Toward a Whole-Cell Model of Human Embryonic Stem Cells: A Composable Model of Metabolism Built on a Scalable Framework for Integrating Multiple Pathway Submodels

Stem cell behaviors such as self-renewal and differentiation result from complex interactions among signaling, gene regulation, metabolism, and other pathways. To understand how these pathways collectively determine cell behavior, we aim to develop the first whole-cell computational model of a human cell, focusing on the well-characterized H1 human embryonic stem cell (hESC) line.

Our approach is to build and integrate submodels of each pathway. To begin, we have developed a scalable framework for integrating multiple pathway submodels and built a genome-scale submodel of single-cell metabolism.
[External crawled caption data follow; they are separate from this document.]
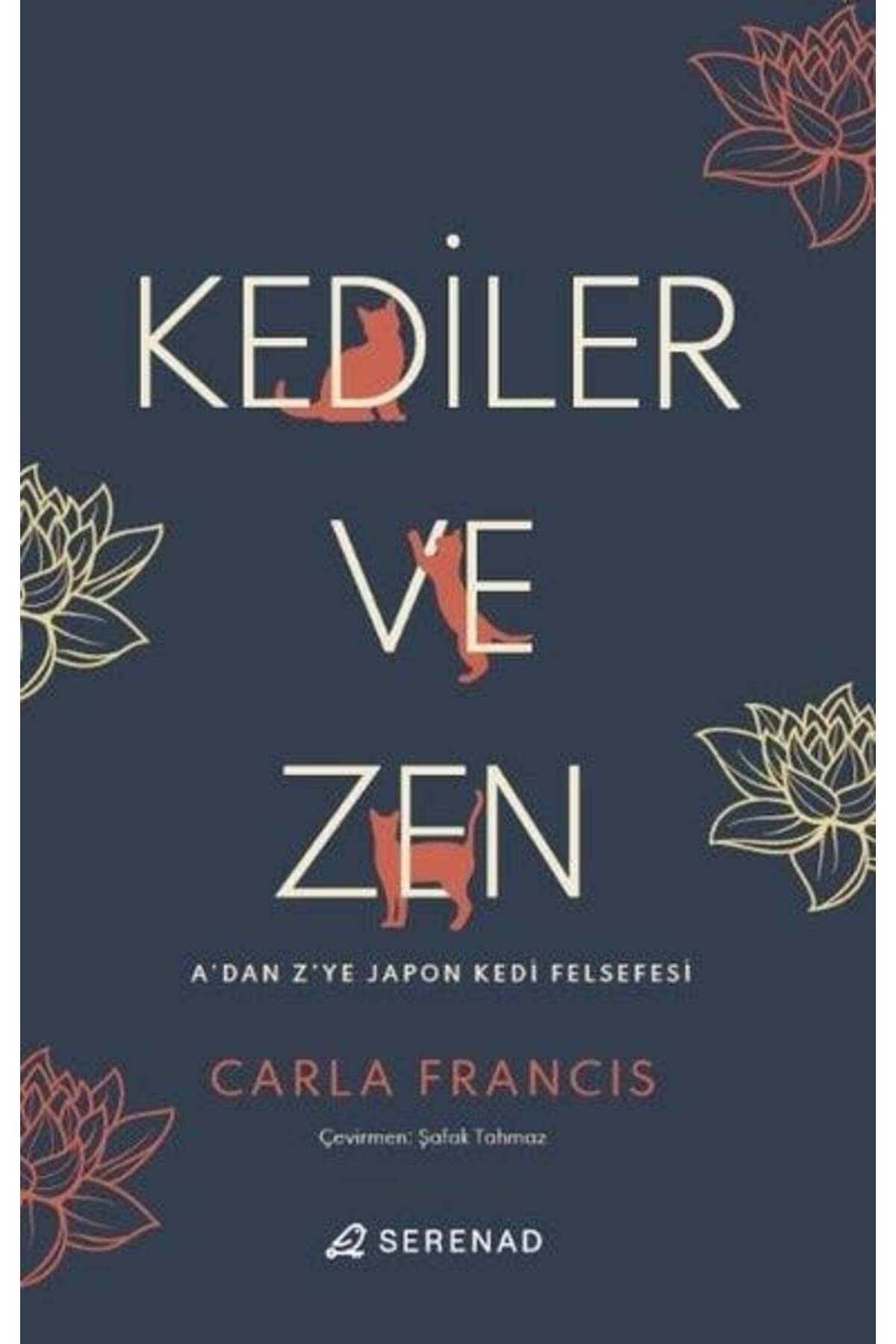 Serenad Kediler Ve Zen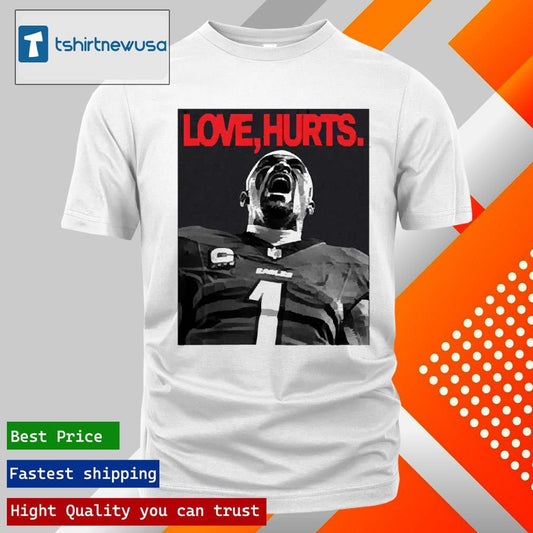 Official Love Hurts Jordan X Jalen Hurts Philadelphia Eagles Super Bowl Lix Champions 2025 T-Shirt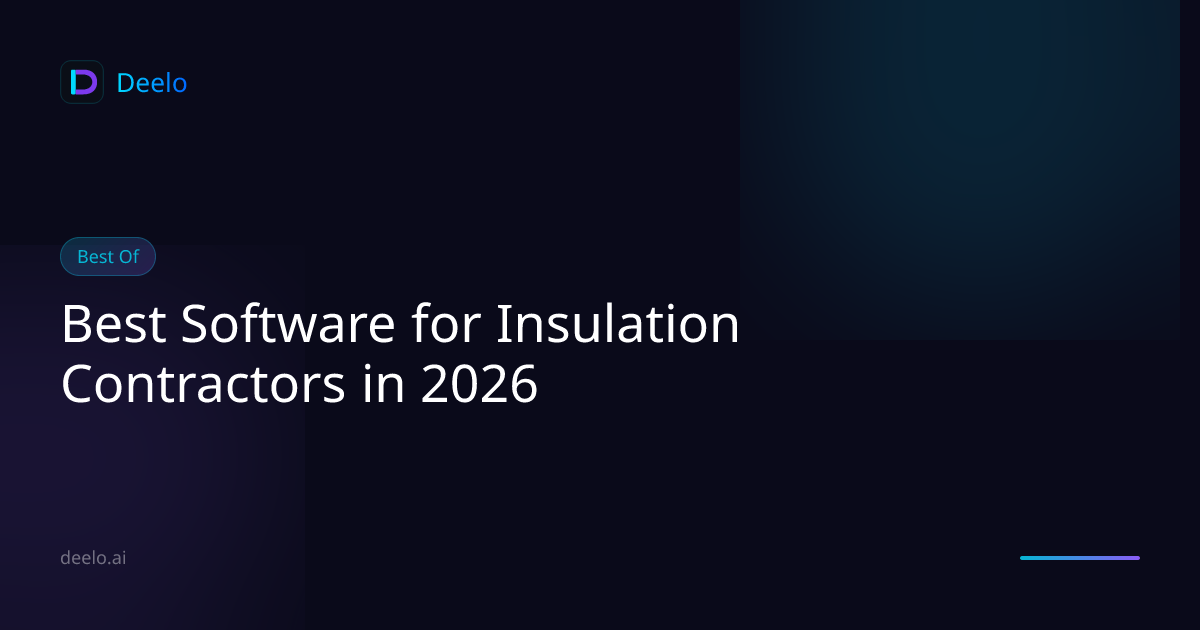 Best Software for Insulation Contractors in 2026 | Deelo Blog
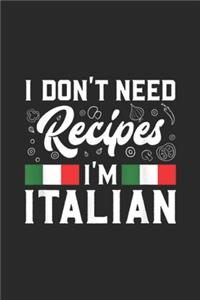 I Don't Need Recipes I'm Italian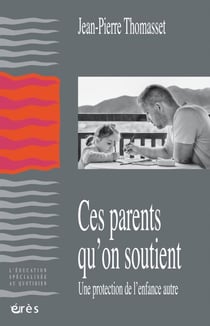 Ces parents qu'on soutient - Une protection de l’enfance autre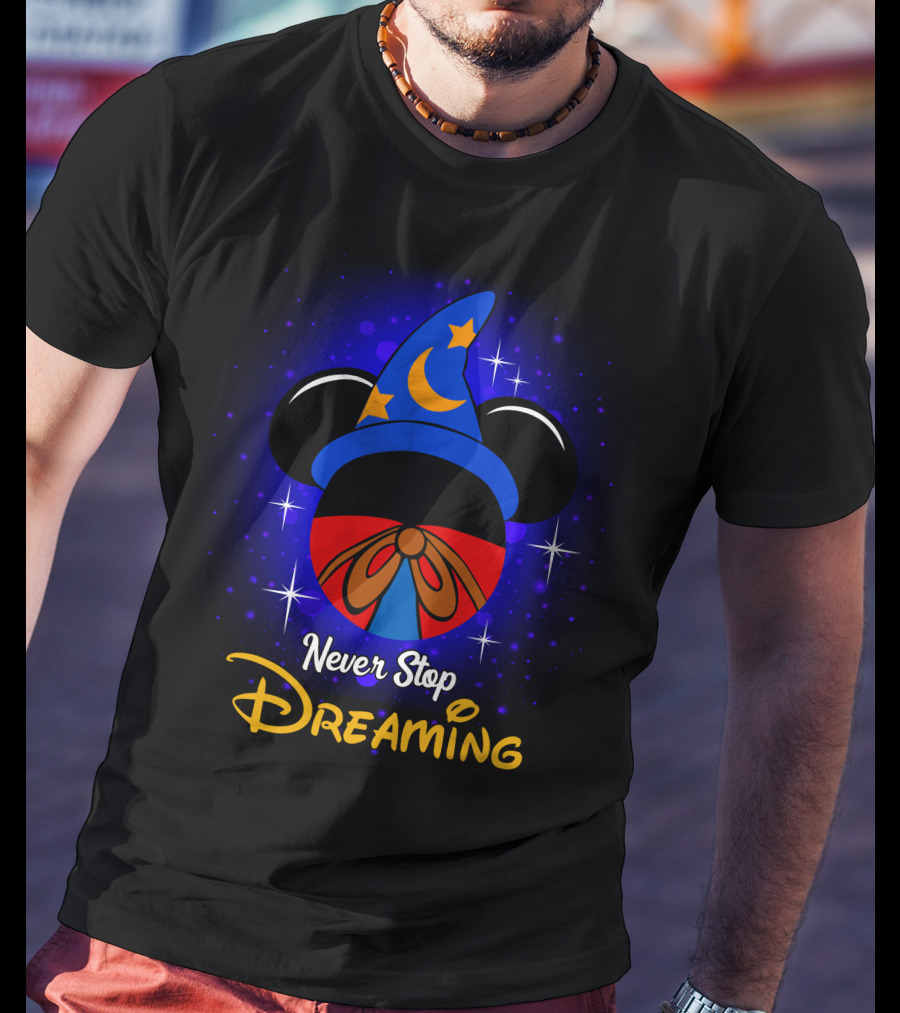 Never Stop Dreaming Mickey Fantasia Hat Moon And Stars T-Shirt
The integration framework consists of state variables that represent the instantaneous configuration of a cell such as its mass, volume, and composition including the abundance and compartmental location of each molecular component. We developed the initial conditions for the framework by integrating extensive data including the DNA sequence of H1-hESCs; the location of each transcript, exon, and protein lifted from the hg19 reference; protein-complex compositions; macromolecular contents; small-metabolite concentrations; RNA expression; protein abundances; and the stoichiometry, catalysis, rate law, and kinetic data of each reaction.

We built the metabolism submodel by: (1) expanding Recon 2.2 to produce and recycle the metabolites that are needed and generated by other pathways, respectively; (2) refining the submodel for integration into a stochastic dynamical model of individual cells; and (3) using multi-omics and biochemical data to contextualize the submodel to represent H1-hESCs. The metabolism submodel correctly predicts the essentiality of 97% of metabolism-associated genes in hESCs. 87.5% of the false negative have non-metabolic functions, highlighting the need for integrated models that describe multiple pathways.

Going forward, we will create submodels of other pathways, integrate the submodels, and use the integrated model to investigate stem cell self-renewal. Ultimately, we believe whole-cell models have the potential to transform basic science and medicine through unprecedented in silico experiments personalized to each patient.